Also on Wednesday, the City Council:

• Authorized nearly $12 million worth of settlements tied to allegations of police abuse. One of the four settlements attracted 15 dissenting votes from police allies.

• Signed off on a third round of ethics reforms since Mayor Lori Lightfoot took office. This time, the ordinance would close a legal loophole that has allowed city employees with contract management oversight to moonlight for private companies that work as sub-contractors to prime contractors.

• Allowed Lightfoot to make former Mayor Rahm Emanuel’s share-the-wealth Neighborhood Opportunity Fund her own with reforms tailor-made to fuel her plan to bring “transformative change” to ten South and West Side neighborhoods.

The changes pave the way for businesses to recoup 100% of a project’s total price tag, provided they are owned and staffed by local residents.

Entrepreneurs will have access to lending coaches, design professionals, construction advisers and program “concierges” to put them on a “path to success.”

And instead of making grants annually, grants will be awarded twice-a-year.
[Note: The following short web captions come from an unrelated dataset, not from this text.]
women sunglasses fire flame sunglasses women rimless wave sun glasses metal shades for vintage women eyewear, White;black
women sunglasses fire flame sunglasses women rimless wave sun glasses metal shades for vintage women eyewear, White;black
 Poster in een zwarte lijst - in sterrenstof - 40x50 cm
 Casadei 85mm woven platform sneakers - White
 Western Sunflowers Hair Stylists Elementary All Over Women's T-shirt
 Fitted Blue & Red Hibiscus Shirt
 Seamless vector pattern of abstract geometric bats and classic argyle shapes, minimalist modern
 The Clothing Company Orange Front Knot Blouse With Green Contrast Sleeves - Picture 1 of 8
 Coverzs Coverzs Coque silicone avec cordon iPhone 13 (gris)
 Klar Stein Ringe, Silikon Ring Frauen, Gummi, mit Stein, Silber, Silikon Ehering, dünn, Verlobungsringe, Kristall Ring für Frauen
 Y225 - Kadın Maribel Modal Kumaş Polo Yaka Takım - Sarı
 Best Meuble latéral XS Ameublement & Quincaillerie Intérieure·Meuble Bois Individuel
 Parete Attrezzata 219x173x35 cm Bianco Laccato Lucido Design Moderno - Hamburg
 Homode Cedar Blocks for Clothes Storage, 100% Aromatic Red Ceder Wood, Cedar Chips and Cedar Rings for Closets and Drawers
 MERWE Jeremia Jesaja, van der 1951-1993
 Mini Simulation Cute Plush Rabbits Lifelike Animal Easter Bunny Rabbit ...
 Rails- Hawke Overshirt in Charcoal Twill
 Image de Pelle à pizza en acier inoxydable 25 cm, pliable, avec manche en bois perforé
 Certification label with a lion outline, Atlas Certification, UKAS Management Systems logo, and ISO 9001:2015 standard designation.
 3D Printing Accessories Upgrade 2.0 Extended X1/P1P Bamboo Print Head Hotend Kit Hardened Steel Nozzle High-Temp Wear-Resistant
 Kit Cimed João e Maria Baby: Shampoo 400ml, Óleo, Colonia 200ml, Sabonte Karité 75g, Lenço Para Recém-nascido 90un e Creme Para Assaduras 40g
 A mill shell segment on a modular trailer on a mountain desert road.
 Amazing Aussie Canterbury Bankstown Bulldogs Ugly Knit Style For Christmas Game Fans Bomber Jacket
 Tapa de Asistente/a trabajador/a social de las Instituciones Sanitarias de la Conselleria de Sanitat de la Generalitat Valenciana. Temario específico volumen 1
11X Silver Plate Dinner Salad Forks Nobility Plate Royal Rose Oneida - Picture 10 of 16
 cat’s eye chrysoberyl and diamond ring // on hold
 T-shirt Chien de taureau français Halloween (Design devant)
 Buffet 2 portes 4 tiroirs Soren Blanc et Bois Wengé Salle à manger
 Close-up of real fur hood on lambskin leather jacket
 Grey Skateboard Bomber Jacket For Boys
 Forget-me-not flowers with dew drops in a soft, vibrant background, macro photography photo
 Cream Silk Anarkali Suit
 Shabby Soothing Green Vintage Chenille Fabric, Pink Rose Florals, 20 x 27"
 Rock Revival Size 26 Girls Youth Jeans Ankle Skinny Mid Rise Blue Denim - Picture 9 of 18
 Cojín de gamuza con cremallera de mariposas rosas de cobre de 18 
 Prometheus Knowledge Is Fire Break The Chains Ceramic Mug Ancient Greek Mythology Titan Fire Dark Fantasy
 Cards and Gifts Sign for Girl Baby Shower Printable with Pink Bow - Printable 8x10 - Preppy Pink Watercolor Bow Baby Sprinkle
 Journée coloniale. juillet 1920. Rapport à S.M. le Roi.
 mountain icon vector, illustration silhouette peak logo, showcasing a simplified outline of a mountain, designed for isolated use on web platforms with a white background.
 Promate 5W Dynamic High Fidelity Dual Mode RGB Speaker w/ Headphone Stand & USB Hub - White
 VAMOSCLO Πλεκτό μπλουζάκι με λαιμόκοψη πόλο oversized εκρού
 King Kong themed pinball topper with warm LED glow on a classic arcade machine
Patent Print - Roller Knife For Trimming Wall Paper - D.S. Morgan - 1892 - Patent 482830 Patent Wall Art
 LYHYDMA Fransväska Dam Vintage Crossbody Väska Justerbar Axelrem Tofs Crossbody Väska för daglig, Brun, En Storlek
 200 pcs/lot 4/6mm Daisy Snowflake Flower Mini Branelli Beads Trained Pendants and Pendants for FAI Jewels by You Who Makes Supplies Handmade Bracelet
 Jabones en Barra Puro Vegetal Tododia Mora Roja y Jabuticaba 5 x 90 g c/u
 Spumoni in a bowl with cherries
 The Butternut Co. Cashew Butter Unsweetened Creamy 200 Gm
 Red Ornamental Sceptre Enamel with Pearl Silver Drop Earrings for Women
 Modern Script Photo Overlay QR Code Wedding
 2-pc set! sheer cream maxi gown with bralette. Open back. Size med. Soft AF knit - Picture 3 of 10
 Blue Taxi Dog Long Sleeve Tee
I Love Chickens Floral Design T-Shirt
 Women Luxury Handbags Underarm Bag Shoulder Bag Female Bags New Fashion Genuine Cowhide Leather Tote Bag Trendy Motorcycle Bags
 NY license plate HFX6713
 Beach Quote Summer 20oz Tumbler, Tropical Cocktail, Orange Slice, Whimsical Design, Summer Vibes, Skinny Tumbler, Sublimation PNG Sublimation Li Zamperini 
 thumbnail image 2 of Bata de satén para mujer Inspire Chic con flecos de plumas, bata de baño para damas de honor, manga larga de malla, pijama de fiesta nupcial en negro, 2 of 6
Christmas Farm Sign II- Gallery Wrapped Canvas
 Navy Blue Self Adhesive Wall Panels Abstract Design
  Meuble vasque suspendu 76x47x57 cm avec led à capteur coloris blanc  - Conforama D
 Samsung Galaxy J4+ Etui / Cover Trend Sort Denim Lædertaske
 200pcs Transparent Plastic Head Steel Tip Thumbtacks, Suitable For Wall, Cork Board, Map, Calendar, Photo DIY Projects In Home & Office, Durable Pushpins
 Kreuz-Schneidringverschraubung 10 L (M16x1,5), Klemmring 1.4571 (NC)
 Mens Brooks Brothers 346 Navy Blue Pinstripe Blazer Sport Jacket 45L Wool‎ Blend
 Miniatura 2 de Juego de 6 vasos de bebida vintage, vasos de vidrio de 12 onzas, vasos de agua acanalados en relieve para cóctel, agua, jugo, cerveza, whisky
Applications within the ten neighborhoods included in the mayor’s “Invest South/West” program will get top priority.

• Let the Sunday brunch crowd start drinking an hour earlier — at 9 a.m. — to let restaurants and bars cash in on the popularity of European soccer, with games televised in Chicago during the early morning hours.

• Relaxed the city’s rigid license renewal regulations to benefit a taxicab industry decimated by the precipitous growth of ride-hailing. The ordinance championed by Lightfoot eliminates the “domino effect” that occurs by prohibiting owners of multiple taxicab medallions from any of their licenses if even one of their medallions had been revoked in the last five years.